Behind the Scenes: How to Produce a Live-Switched Webcast

Go behind the scenes at Streaming Media East 2013's 4-track, 3-day, live-switched conference and 1-day webcast with producer and crew chief Shawn Lam and see the process and the gear and how it all fits together in live-switched webcast production.

At Streaming Media East 2013 in New York last week, I assembled a crew to shoot and switch and record all four conference tracks, plus the 2-track Content Delivery Summit that took place the day before the Streaming Media East program began. On Tuesday, the first day of the show, we also live-switched and live-streamed the keynotes and the entire day’s sessions from the keynote room. Figure 1 (below) shows me working here behind the video production table in the keynote room, one of the four that we're taking care of.

Live-switch BTS

Figure 1. Shawn Lam switching and producing video at Streaming Media East 2013.

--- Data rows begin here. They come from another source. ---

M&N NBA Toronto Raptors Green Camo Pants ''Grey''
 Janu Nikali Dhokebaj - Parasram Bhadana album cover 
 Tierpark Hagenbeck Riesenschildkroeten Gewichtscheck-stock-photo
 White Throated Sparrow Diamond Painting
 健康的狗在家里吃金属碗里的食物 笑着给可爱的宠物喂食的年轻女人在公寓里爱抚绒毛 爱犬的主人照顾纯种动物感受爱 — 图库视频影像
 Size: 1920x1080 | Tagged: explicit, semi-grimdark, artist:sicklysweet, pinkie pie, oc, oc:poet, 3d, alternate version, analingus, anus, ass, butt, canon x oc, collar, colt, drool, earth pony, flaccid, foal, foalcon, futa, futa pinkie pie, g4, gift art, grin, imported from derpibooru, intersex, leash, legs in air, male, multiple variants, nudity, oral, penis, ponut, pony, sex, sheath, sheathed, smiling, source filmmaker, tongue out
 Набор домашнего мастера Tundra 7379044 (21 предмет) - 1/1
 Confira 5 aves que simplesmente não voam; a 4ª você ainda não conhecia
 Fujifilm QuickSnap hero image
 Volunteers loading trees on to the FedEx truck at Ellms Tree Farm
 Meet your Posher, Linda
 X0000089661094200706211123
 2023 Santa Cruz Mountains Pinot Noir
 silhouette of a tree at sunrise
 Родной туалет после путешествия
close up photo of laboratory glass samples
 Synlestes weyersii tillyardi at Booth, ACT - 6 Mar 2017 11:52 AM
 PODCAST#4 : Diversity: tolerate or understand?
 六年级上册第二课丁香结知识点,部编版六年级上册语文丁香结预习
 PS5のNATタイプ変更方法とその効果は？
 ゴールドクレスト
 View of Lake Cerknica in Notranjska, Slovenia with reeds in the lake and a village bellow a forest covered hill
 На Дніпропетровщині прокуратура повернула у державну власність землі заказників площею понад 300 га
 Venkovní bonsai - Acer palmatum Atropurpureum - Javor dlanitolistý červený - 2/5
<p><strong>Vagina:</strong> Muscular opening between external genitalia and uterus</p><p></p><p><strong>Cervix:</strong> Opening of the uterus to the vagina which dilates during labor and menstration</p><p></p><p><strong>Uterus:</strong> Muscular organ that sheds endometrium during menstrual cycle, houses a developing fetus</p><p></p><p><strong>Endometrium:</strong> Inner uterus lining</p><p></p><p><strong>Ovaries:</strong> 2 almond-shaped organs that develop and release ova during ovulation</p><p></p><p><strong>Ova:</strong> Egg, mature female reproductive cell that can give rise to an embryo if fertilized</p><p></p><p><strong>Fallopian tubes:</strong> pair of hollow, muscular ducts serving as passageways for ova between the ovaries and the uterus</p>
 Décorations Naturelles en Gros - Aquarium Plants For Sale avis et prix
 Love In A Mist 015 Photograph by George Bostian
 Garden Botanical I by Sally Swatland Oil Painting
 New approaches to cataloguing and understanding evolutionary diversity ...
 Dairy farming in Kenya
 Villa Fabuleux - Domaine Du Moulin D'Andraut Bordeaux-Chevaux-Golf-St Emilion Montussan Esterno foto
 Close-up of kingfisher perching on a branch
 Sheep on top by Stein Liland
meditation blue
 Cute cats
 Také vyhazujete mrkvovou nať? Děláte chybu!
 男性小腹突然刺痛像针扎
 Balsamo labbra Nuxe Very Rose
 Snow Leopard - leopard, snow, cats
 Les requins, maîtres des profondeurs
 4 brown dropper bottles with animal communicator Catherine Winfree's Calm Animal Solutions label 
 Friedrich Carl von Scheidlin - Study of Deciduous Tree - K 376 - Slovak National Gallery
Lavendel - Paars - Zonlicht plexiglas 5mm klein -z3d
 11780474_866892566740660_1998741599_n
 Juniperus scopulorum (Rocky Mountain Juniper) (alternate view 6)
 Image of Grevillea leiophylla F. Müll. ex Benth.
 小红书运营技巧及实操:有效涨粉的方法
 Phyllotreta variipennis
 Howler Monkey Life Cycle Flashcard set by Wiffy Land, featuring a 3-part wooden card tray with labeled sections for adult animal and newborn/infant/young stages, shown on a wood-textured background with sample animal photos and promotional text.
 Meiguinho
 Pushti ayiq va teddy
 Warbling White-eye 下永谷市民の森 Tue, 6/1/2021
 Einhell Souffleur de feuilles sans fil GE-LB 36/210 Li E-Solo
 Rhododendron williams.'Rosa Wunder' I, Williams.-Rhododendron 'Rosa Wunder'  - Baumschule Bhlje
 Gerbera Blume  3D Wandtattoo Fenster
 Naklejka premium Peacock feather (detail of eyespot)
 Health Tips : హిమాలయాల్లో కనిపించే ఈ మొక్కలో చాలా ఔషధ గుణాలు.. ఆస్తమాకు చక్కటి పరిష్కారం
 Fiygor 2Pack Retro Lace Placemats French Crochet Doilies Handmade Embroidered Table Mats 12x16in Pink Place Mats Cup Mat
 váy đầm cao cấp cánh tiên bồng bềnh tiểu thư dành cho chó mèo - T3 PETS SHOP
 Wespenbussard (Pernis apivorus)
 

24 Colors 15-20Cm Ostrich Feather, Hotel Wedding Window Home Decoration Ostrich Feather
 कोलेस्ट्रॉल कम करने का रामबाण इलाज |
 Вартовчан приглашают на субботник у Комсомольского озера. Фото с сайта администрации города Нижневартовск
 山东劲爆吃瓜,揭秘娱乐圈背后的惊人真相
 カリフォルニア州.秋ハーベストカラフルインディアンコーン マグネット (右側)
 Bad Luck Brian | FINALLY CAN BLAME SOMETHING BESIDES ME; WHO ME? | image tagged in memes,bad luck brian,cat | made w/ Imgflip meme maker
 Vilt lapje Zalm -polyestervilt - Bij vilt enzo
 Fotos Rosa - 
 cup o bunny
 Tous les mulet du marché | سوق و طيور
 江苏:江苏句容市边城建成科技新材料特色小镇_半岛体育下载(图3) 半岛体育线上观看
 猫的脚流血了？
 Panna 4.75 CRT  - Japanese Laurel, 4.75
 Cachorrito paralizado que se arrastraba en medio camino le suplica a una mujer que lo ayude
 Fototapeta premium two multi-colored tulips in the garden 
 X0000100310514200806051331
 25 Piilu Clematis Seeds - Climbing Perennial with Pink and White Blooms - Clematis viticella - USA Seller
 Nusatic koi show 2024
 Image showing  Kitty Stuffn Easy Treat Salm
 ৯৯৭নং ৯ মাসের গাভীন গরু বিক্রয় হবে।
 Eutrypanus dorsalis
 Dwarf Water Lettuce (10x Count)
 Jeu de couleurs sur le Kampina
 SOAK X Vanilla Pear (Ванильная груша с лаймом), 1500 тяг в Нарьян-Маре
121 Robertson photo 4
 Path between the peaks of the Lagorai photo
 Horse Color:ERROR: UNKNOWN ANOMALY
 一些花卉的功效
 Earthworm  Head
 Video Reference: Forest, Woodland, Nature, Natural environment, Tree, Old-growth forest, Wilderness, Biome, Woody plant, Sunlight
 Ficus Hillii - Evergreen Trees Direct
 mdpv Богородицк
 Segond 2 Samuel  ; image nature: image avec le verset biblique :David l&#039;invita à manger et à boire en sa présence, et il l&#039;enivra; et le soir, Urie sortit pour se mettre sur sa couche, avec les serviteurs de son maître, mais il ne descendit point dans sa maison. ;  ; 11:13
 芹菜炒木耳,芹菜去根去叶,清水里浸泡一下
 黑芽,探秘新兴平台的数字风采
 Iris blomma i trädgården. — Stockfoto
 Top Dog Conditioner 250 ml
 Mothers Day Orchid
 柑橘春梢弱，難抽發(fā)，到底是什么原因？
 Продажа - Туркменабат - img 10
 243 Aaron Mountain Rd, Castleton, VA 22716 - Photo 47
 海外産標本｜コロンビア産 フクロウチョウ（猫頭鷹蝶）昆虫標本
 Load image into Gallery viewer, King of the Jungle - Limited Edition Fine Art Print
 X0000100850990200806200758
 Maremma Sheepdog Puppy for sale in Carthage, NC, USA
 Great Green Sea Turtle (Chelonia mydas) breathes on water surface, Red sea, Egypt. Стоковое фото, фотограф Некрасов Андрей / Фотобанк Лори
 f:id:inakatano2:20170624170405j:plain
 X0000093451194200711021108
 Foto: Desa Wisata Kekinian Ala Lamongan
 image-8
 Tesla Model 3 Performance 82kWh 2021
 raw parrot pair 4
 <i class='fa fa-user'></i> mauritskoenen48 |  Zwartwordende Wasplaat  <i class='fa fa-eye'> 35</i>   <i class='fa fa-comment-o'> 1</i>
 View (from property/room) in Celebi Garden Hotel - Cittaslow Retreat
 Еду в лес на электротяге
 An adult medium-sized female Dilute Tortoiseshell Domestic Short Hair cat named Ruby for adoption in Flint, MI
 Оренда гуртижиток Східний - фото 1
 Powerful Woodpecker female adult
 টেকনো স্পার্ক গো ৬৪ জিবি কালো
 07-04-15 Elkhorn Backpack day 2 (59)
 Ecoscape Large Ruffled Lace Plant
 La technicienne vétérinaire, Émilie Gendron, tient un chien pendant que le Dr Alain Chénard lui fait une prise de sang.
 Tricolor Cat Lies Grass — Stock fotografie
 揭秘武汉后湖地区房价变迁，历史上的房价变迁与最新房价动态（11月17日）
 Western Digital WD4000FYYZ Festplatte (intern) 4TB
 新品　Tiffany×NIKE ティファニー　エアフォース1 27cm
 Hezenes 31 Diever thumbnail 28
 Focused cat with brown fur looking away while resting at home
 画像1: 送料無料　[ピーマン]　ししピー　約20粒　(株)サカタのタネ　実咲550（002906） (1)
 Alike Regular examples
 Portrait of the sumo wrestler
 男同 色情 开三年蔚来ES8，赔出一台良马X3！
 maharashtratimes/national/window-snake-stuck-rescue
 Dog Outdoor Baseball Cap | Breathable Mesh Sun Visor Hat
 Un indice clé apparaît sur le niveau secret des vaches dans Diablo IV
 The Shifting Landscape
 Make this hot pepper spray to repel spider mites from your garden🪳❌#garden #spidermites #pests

HD Video Switcher: The Roland V40 HD

At the center of our production workflow was the new Roland V40 HD video switcher (Figure 2, below). It's an entry-level professional video switcher that has HDMI inputs. We used it with two video cameras that are connected via HDMI. We also connecting a VGA input, coming from the presenter's laptop.

Live-switch BTS

Figure 2. The Roland V40 HD switcher.

One of the nice features of this video switcher is the fact you can mix both high-definition HDMI video as well as analog VGA. A lot of video switchers lack that capability, and unfortunately, much of the AV presentation world is still stuck on the VGA standard, so having the ability to put VGA inputs on an HDMI video switcher is excellent. It also has built-in video scalers on each input, which is advantageous because the VGA signal often isn't the same size, so I do have the ability in the menu to scale the signal up to fill the frame if it's a bit undersized as well.

Figure 3 (below) shows the multiview monitor. It's coming straight out of the V40 HD video switcher, and it's an HDMI output. It allows me to see the live feed--the program feed--as well as the preview and any additional inputs that are available to me. I can change the live camera by pressing the A-bus program line, and I can change the B-bus, which is the next video feed on deck. And, then using the T-bar, I can also cut between them.

Live-switch BTS

Figure 3. The V40 HD Multiview Monitor.

The signal from the V40 HD feeds out into a variety of different things, but the most important for the live webcast is the Teradek Cube (Figure 4, below), which takes HD-SDI input. In our setup at Streaming Media East we had an Ethernet Internet input coming in, and we live-streamed it to Ustream.